(Data extracted from a collection)
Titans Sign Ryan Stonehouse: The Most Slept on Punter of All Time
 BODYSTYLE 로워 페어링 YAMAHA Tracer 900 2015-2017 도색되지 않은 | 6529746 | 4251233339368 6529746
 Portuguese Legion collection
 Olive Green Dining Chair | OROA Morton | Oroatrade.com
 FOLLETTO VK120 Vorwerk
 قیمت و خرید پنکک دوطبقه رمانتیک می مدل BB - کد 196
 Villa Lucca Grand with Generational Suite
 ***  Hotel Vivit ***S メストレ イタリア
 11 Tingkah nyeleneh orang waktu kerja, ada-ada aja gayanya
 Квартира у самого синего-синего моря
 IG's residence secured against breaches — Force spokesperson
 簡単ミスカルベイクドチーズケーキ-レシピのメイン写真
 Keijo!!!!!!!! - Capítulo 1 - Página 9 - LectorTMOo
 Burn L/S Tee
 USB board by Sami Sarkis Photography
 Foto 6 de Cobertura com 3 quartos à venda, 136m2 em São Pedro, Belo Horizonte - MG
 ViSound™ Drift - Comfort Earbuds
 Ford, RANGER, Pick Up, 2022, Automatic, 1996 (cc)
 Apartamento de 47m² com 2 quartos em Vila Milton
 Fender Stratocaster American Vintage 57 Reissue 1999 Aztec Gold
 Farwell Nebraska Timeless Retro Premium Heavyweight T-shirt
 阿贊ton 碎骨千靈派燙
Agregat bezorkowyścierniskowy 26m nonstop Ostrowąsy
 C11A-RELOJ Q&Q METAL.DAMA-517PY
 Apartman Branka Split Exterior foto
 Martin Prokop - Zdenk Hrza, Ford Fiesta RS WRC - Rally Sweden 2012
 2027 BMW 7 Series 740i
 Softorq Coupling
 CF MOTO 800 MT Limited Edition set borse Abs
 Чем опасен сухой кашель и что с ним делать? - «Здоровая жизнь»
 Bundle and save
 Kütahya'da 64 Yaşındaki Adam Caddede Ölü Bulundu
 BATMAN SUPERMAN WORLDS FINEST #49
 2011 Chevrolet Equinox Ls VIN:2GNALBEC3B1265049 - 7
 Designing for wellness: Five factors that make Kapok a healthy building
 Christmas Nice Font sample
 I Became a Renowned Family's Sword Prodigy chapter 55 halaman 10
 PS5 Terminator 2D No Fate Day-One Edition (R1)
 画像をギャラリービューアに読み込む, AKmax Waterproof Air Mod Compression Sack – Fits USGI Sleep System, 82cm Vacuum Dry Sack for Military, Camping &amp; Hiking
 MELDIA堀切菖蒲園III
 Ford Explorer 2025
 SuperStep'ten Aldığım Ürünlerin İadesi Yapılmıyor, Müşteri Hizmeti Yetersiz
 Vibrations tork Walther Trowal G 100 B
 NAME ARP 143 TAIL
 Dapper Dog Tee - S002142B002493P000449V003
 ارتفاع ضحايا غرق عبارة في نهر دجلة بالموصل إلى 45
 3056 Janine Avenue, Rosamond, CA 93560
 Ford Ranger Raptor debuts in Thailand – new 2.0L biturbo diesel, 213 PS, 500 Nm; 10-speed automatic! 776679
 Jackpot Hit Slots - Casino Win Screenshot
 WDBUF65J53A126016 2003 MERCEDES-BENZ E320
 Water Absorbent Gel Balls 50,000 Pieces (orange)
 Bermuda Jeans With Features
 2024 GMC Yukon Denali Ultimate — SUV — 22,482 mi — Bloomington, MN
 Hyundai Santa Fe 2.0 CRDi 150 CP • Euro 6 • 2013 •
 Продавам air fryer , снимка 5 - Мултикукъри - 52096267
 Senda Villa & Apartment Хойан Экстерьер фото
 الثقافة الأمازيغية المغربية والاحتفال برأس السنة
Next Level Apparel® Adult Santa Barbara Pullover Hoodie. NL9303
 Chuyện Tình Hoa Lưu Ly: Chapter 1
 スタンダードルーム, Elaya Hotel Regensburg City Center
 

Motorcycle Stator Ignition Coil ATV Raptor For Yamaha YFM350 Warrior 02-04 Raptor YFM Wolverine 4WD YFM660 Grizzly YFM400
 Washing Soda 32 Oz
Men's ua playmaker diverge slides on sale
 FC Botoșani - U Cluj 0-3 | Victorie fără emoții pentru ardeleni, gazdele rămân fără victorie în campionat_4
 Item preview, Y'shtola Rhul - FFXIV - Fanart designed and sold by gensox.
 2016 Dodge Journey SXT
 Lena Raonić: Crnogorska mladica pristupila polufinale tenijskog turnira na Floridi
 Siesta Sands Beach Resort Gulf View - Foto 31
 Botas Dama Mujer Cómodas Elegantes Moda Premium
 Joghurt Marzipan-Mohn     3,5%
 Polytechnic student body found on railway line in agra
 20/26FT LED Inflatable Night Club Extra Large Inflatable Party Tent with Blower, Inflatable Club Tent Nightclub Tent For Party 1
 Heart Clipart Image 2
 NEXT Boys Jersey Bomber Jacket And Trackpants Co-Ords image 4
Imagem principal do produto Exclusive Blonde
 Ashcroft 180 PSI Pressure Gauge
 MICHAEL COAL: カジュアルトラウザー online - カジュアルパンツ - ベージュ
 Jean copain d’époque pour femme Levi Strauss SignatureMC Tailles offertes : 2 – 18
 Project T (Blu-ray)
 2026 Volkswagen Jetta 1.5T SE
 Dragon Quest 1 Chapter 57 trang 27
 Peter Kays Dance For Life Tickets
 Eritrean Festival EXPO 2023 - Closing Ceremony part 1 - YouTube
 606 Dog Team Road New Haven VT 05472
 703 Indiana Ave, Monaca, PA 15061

**Description of the task**
Extract all lines from the data in which "Santa" is found.

**Solution for this task**
 Hyundai Santa Fe 2.0 CRDi 150 CP • Euro 6 • 2013 •
Next Level Apparel® Adult Santa Barbara Pullover Hoodie. NL9303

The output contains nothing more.